Economy in U.S. Probably Expanded as Consumer Spending Picked Up

The biggest increase in consumer spending in a year probably helped extend the U.S. economic expansion into the first quarter, economists said before a report today.
Gross domestic product, the value of all goods and services produced in the U.S., rose at a 2.5 percent annual rate after a 3 percent gain the prior three months, according to the median forecast of 85 economists surveyed by Bloomberg News.
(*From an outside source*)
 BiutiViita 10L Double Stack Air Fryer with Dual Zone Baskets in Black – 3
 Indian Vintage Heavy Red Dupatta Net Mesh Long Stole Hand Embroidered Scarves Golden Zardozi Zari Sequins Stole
Household purchases, which account for about 70 percent of the economy, advanced by the most since the end of 2010, the survey showed.

Job creation and income gains were enough to propel sales at car dealerships and retailers like Target Corp. (TGT), helping make the U.S. more resilient to weakness in overseas markets. Federal Reserve officials this week said they expect growth to stay “moderate,” helping explain why they adhered to a goal of keeping borrowing costs low through 2014.
“We’re shifting gears right now toward more domestic demand-driven growth,” said Carl Riccadonna, a senior U.S. economist at Deutsche Bank Securities Inc. in New York. “Consumer spending is growing and businesses are investing. As long as interest rates stay low, it should lead to a self- reinforcing economic feedback loop.”
The Commerce Department will release the first estimate of GDP at 8:30 a.m. in Washington. Economists’ estimates ranged from 1.2 percent to 3.6 percent.

Consumer Sentiment

A separate report at 9:55 a.m. may show the Thomson Reuters/University of Michigan final index of consumer sentiment cooled this month from a one-year high in March, economists in the Bloomberg survey predicted.
Stocks advanced along with the economy in the first quarter. The Standard & Poor’s 500 Index climbed 12 percent, including a 3.1 percent gain in March. That marked the strongest three-month start to a year since a 13.5 percent advance in the first quarter of 1998. Earnings have beaten analysts’ estimates at about 75 percent of the companies in the S&P 500 that released results since April 10, according to data compiled by Bloomberg.
Jobs and the economy are a central theme in political sparring between President Barack Obama and Republican challenger Mitt Romney. Obama’s job approval rating reached 50 percent in a Gallup Daily tracking poll for April 21-23. The telephone survey of 1,534 adults has a margin of error of plus or minus 3 percentage points. The 50 percent approval mark is notable because all incumbent presidents since Dwight Eisenhower at or above the level at the time of the election were re- elected, according to Gallup.
The U.S. is outperforming some of the other major economies across the globe. The U.K. economy slipped into its first double-dip recession since the 1970s, figures from London showed this week. In Japan and Germany, gross domestic product dropped in final three months of 2011 at 0.7 percent annual rates.

Faster Spending

Today’s Commerce Department data may also show a 2.3 percent increase in first-quarter household consumption, following a 2.1 percent gain in the prior period, according to the Bloomberg survey median.
Small businesses such as Spreadshirt Inc. are also benefiting from the pickup in consumption. The print-on-demand t-shirt company had a 108 percent increase in sales in the first quarter from a year ago. The company, which is based in Leipzig, Germany, is opening a factory in Las Vegas and will add 90 employees to its current U.S. staff of 150 as more of its customers buy shirts, according to Vice President Mark Venezia.
Sales have been “remarkable,” Venezia said. “With this growth we’re looking at expansion into other countries. We’re investing in more equipment.”

Labor Market

A job market that’s improved since the end of 2011 is underpinning demand. Employers increased payrolls by 635,000 from January through March, the biggest quarterly gain since the first three months of 2006, data from the Labor Department show. At the same time, the jobless rate has been above 8 percent for the past three years.
Employment and the accompanying income gains may have alleviated some of the strain from higher fuel prices. The cost of a gallon of gasoline at the pump jumped 65 cents from the beginning of the year to $3.93 on March 31, which was the highest level in 10 months, according to AAA, the largest U.S. auto group.